◆ Your goal:
From the records that follow, return exactly the lines beginning at the one that contains "Stack of fense" and ending at the one that contains "olives hand drawn", pictures left out.
* * *
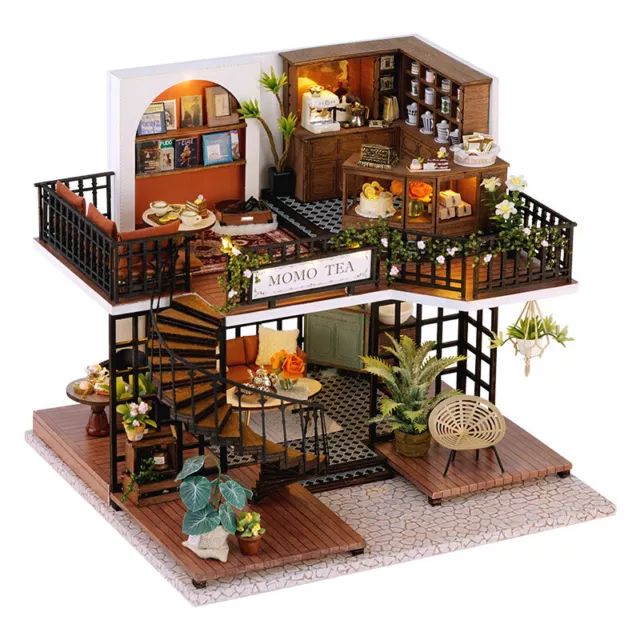 1x Mini Dollhouse Kit Tea Coffee Shop Store Room Box Miniature DIY Handmade Gift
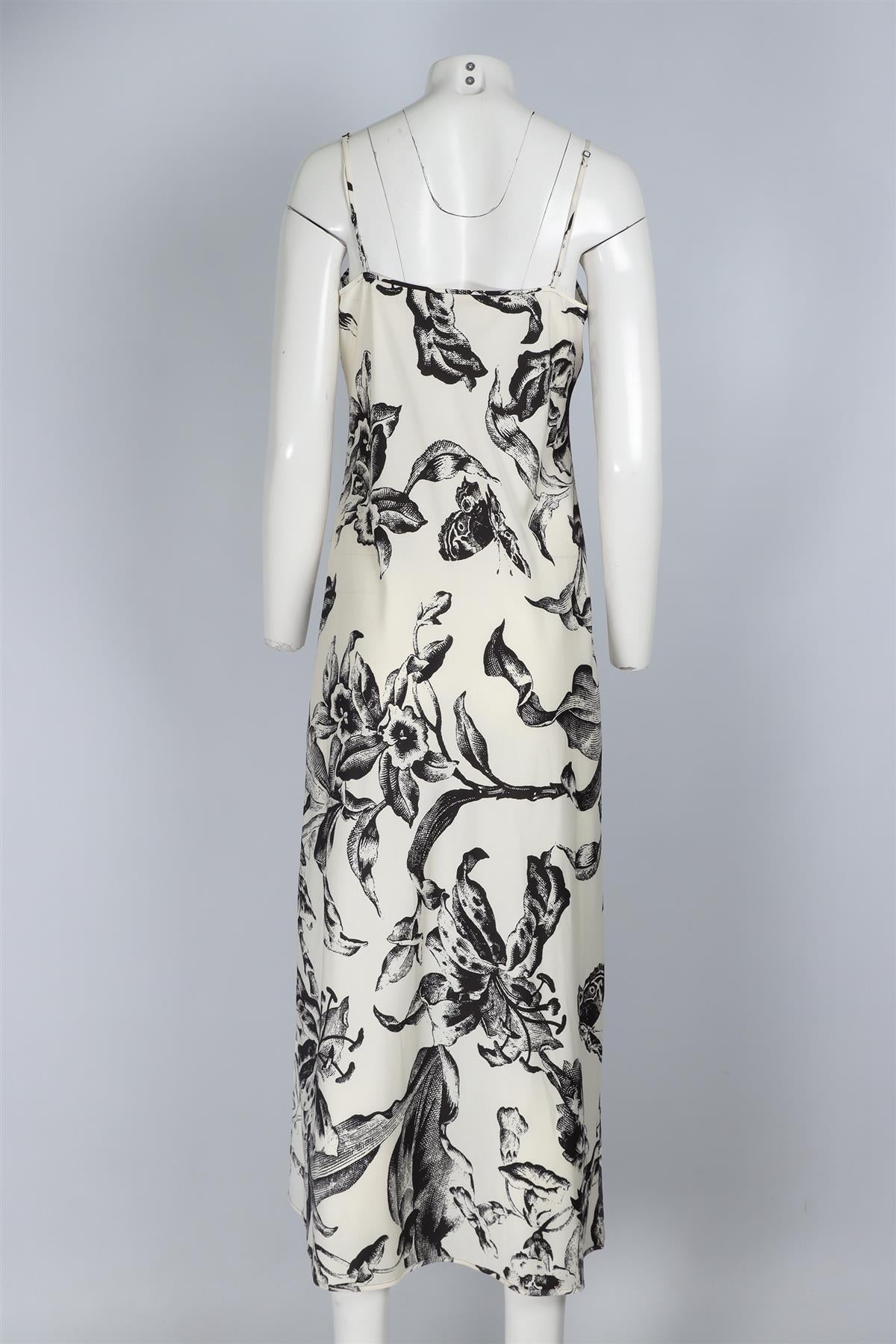 DIANE VON FURSTENBERG CREAM SILK MAXI DRESS MEDIUM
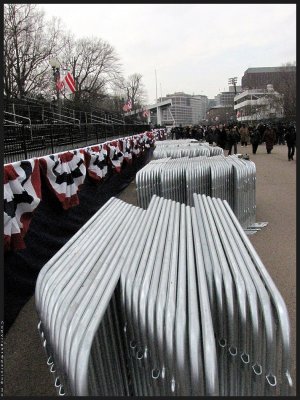 Stack of fense is yet to be deployed on the parade route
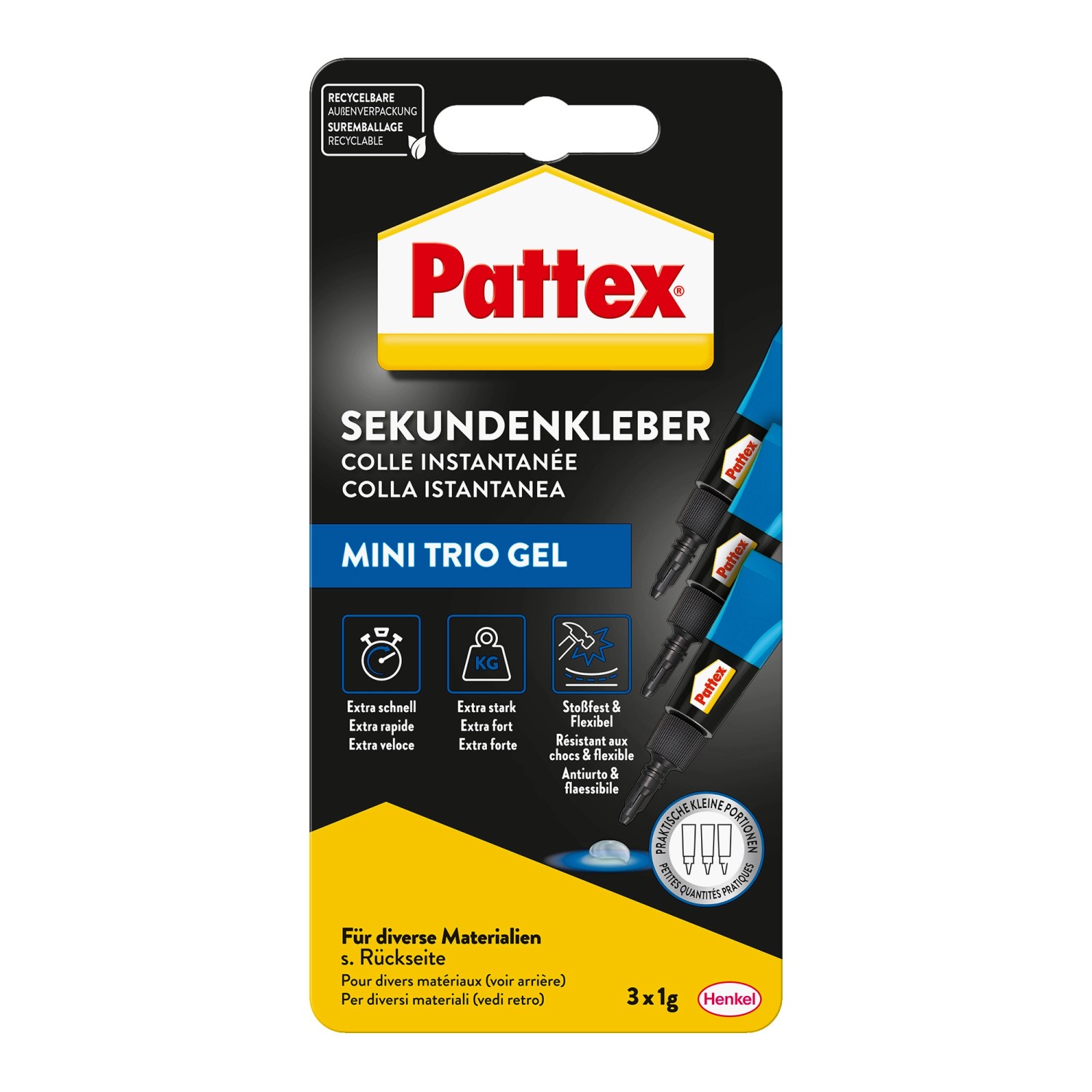 Pattex Sekundenkleber Ultra Gel Mini-Trio 3 x 1g günstig online kaufen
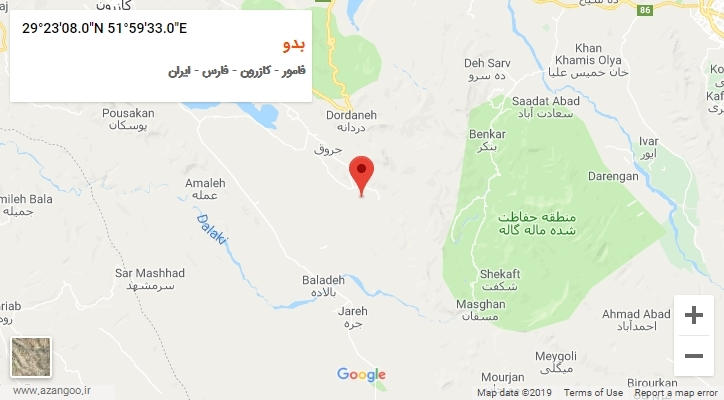روستای بدو بر روی نقشه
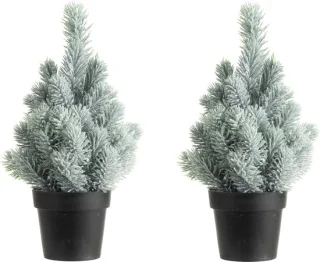 Kunstboom groen met sneeuw - 22 cm - zwarte pot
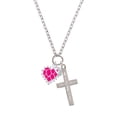 thumbnail image 2 of Delight Jewelry Hot Pink Giraffe Print Heart with Nurse Hat I Have Plans for You Engraved Cross Zoey Necklace, 28", 2 of 4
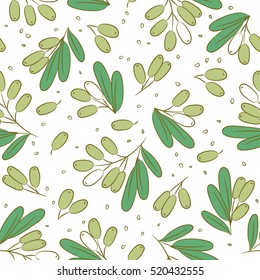 olives hand drawn pattern. food vector background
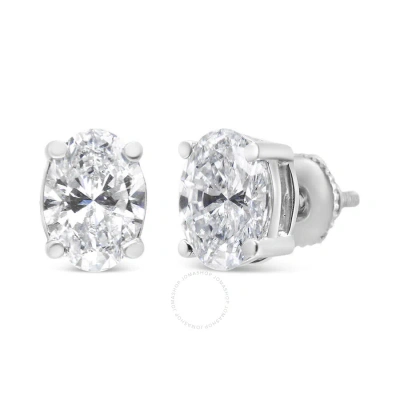 Haus Of Brilliance 14k White Gold 1.00 Cttw Lab Grown Oval Solitaire Diamond Stud Earrings (f-g Colo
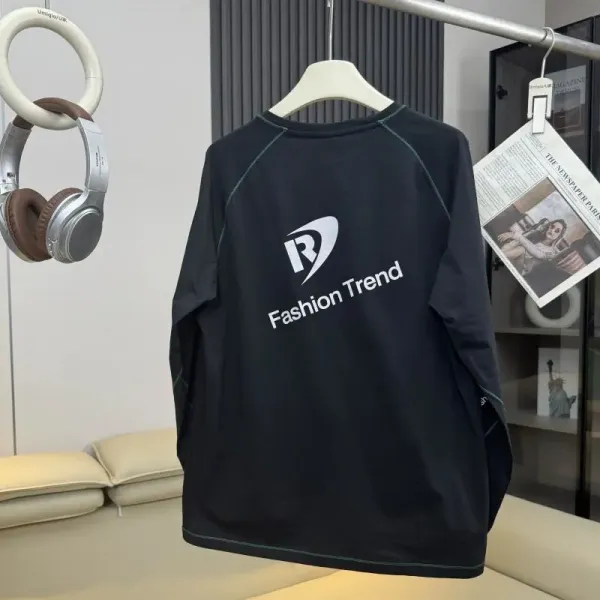 Design Fashion Trend Logo Long Sleeve T-Shirt Orange T-Shirts - 19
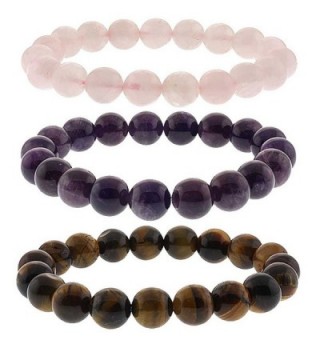 10mm Simulated Rose Quartz- Simulated Amethyst and Simulated Tiger's Eye Stretchy Bracelet Set - CT117G758JF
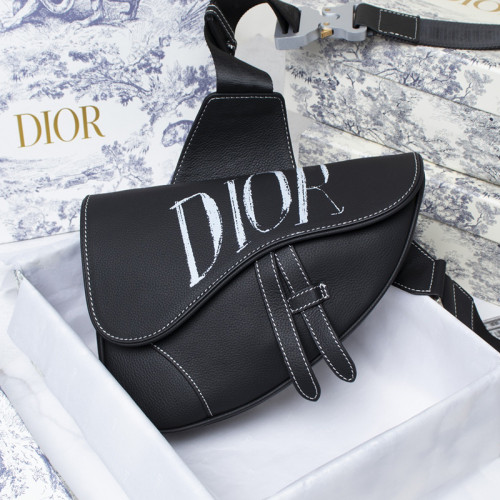 Dior Womens Bag Saddle Bag Luxury Brand Saddle Bag Black Grained Calfskin With Dior And Shawn Signature 1ADPO093YZS_H10E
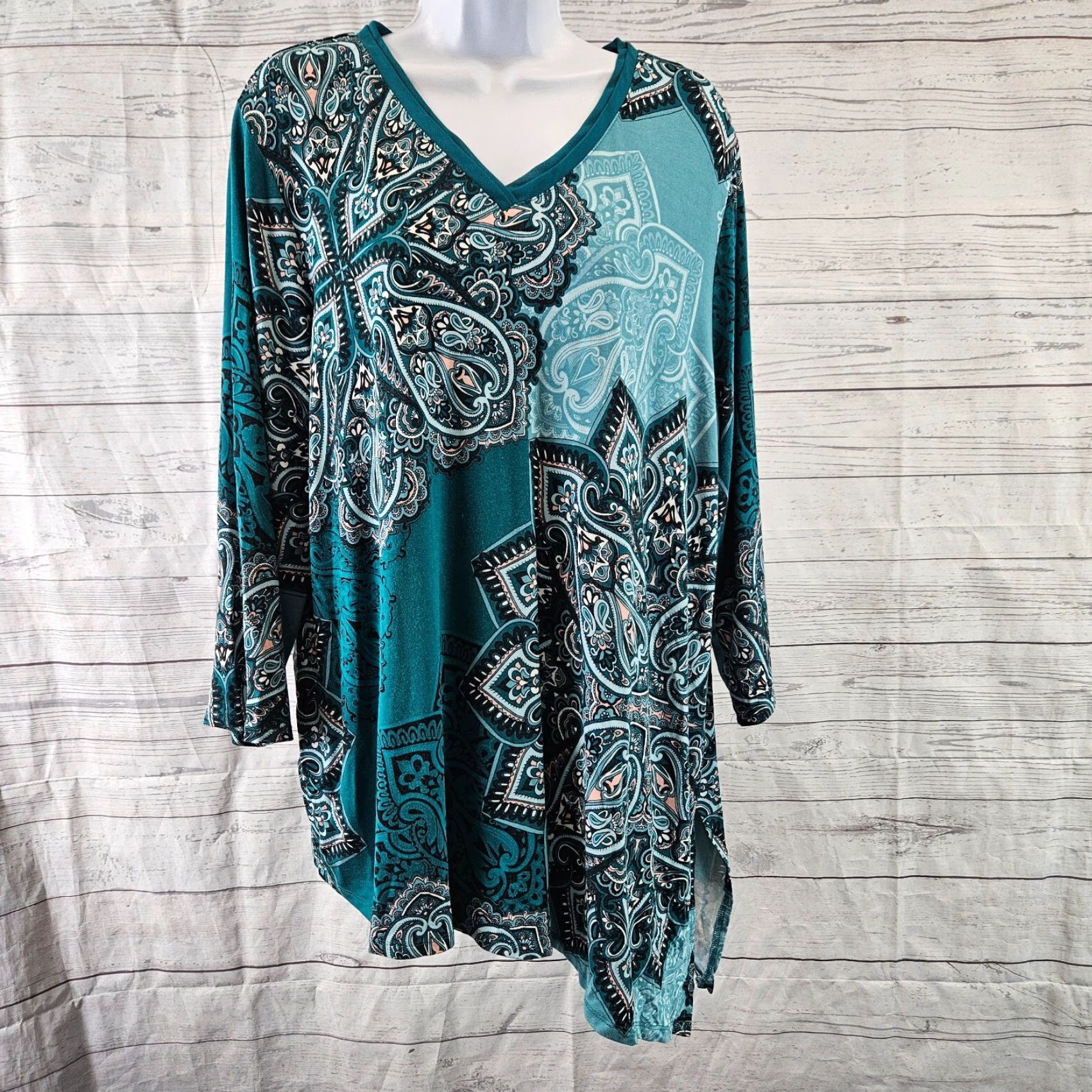 Vintage Chico's Womens Top XL Teal Pink 3/4 Sleeve V-Neck Blouse Shirt Ladies Womens Size XL / US 12-14 / IT 48-50 - 2 Thumbnail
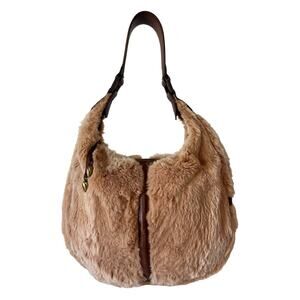 Authentic Longchamp Vintage Rabbit Fur Leather Hobo Shoulder Bag Made in France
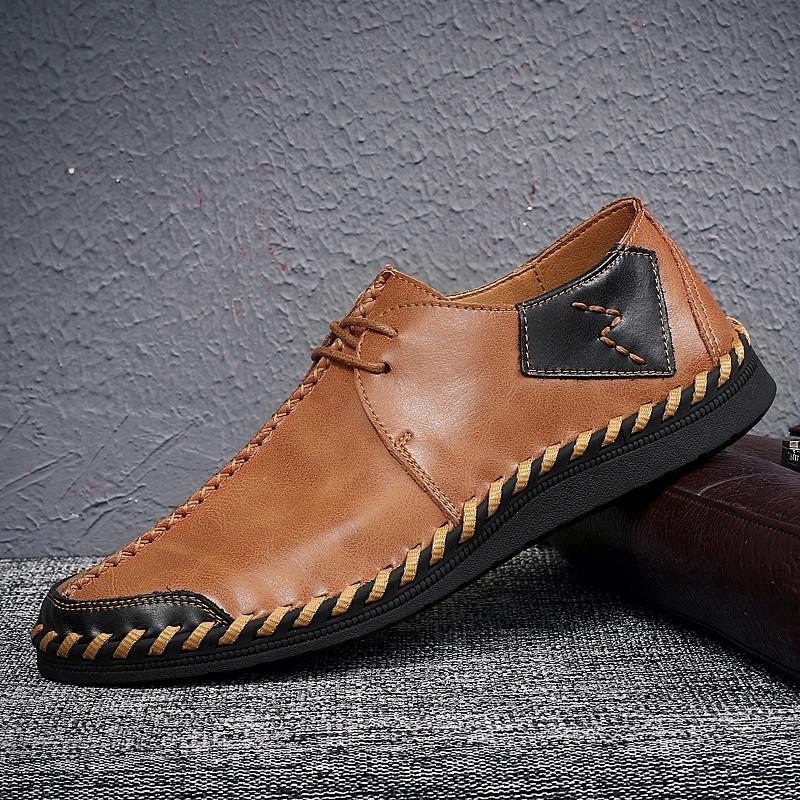Fashion Simple Quality Leather Men Business Office Shoes Lace Up Flat Bottomed Soft Comfortable Shoe Hand Sewn Casual Shoes  Sizes 38-47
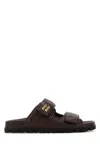 Miu Miu Chocolate Nappa Leather Slippers In Brown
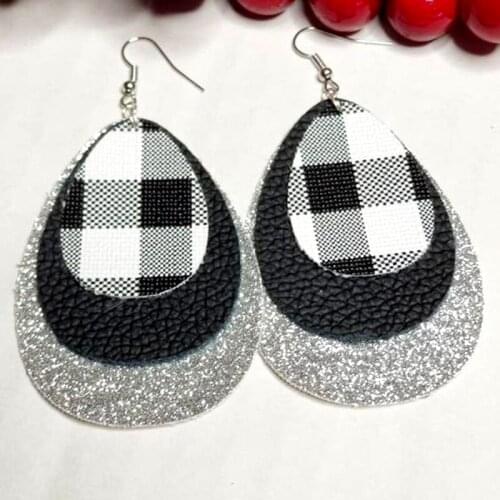 Popular Black And White Stripes With Silver Glitter Faux Leather Teardrop Earrings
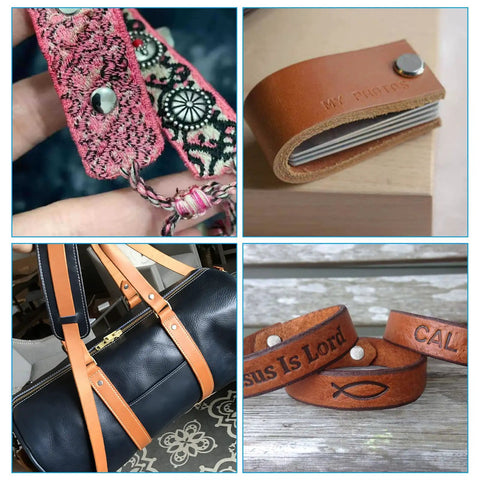 Different leather items including a strap, photo holder, bag, and engraved wristbands made with Heavy Duty M5 X 50Mm Chicago Screws And Binding Posts With Badass Grade Carbon Steel Hardware Kit.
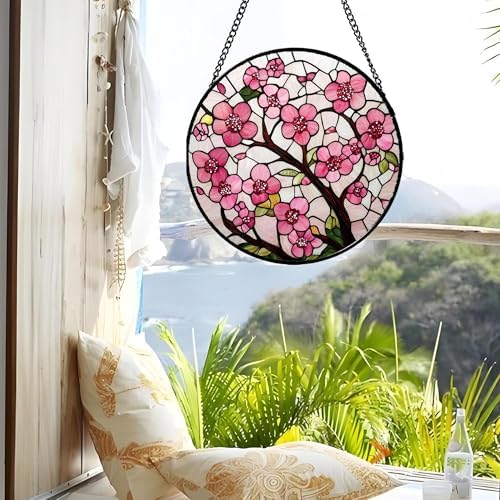 Pink Cherry Blossoms Stained Glass Window Hanging Suncatcher Gifts 12" - Image 3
* * *
◆ Task result:
 Stack of fense is yet to be deployed on the parade route
 Pattex Sekundenkleber Ultra Gel Mini-Trio 3 x 1g günstig online kaufen
روستای بدو بر روی نقشه
 Kunstboom groen met sneeuw - 22 cm - zwarte pot
 thumbnail image 2 of Delight Jewelry Hot Pink Giraffe Print Heart with Nurse Hat I Have Plans for You Engraved Cross Zoey Necklace, 28", 2 of 4
 olives hand drawn pattern. food vector background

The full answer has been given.